With the onset of World War Two, Jozefow experienced many changes, in September 1939 the town was bombed by the Germans, destroying much of it. During that time the Soviets also occupied the town. Due to evacuation of Jews from other parts of Europe, one thousand Jews from Jozefow were able to escape safely into the Soviet Union before the Nazi army came, evacuated, and transported the Jews elsewhere for extermination. The downfall of Jozefow began in March of 1941, during that time over 600 Jews were placed in Jozefow from Konin in a Nazi round up. Jozefow would later become a Jewish Ghetto where the Nazis would heard all the Jews together and wait to herd them out to the camps, with the new Jews entering Jozefow the city began to encounter overcrowding problems, there were not enough homes, food, or resources for the amount of people that were inhabiting such a little village. A rationing program began in order to feed everyone equally. Each Jew would receive 72 grams of bread a day, 200 grams of sugar and 60 grams of soap a month. Toward the end of 1941 a typhus epidemic spread quickly throughout the village, impacting many that lived there.
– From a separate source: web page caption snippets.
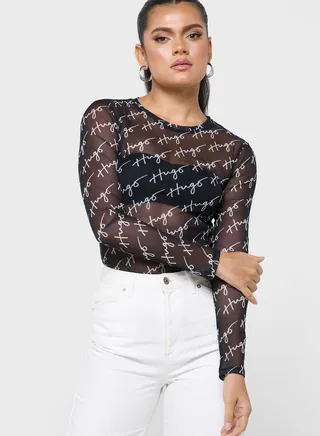 Printed High Neck Fitted Top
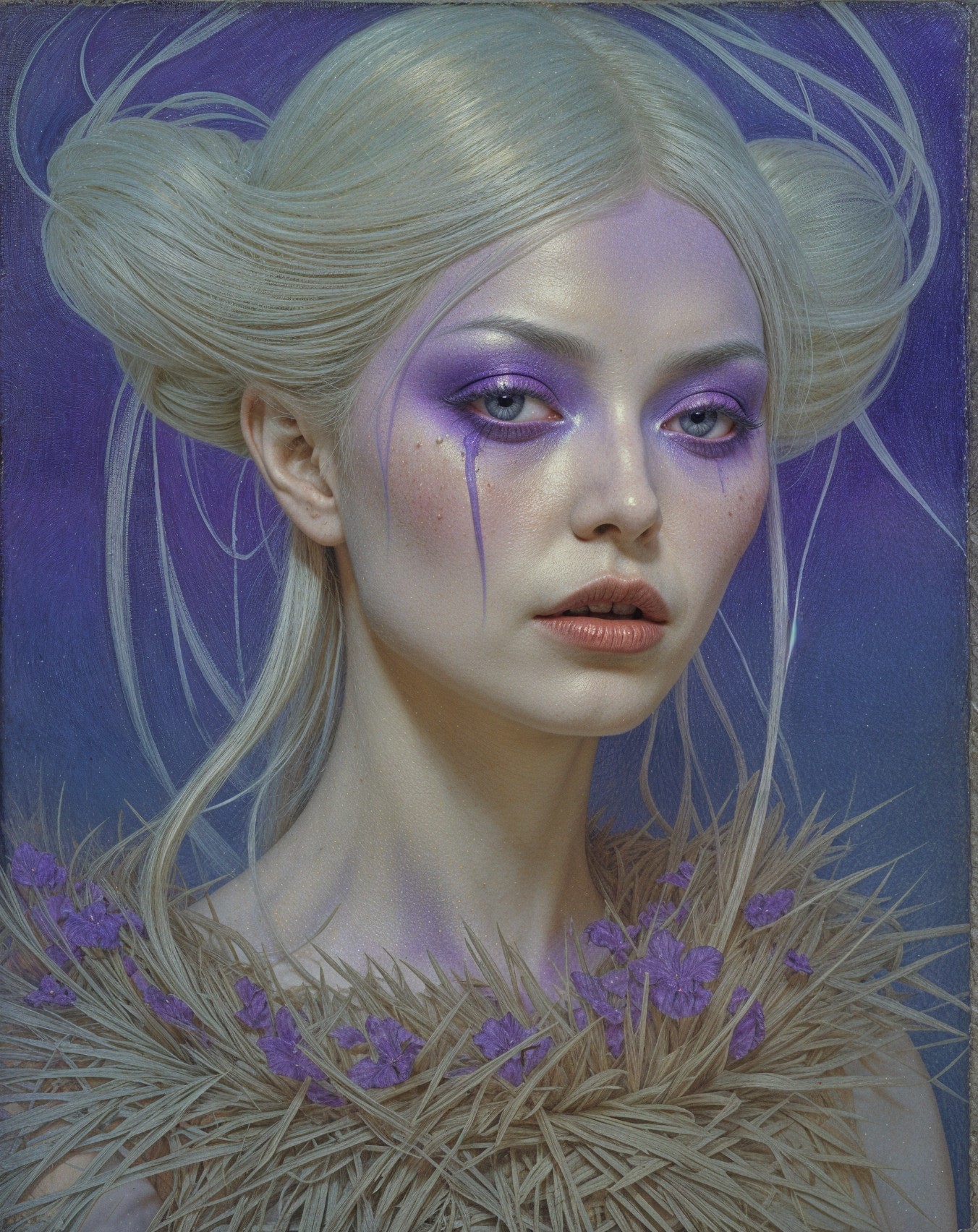 Portrait of a Woman with Blonde Hair and Purple Accents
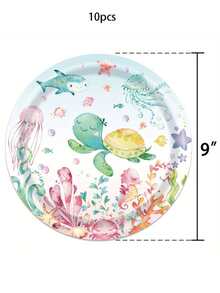 10 件海底派对用品适用于海洋主题生日派对海底世界生物装饰海洋动物盘子杯餐巾餐具套装可供 10 位客人使用水下海洋生物派对礼品，圣诞派对圣诞装饰圣诞装饰品圣诞礼物和装饰品促销 - 彩色 - 查看 8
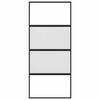 vidaXL Porte coulissante noir 90x205 cm verre trempé aluminium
The Jewish extermination of Jozefow began in May 1942 when the Gestapo arrived and arrested 20 Jews within the village that were marked on a list. The reasoning behind the arrests was the accusation that they were communist and taken to prison for breaking Nazi law. Later in May three more Gestapo men arrived and shot 130 Jews that were walking in the streets. This is the first known massacre to happen within the village. The fate of the Jews in Jozefow increasing went downhill. In July of 1942 the 101st Reserve Police Battalion executed between 1,300 and 1,500 Jews in a single day. The remaining survivors, roughly 300 were taken to the railway station, shoved into cattle cars where they would met their fate in a concentration camp. Many other small villages like Jozefow were subject to this misfortune. The third Reich’s goals in achieving the “Final Solution” deemed successful in the small village of Jozefow. A village that once was built up to make and distribute Hebrew books was turned into a ghost town less than 200 years later.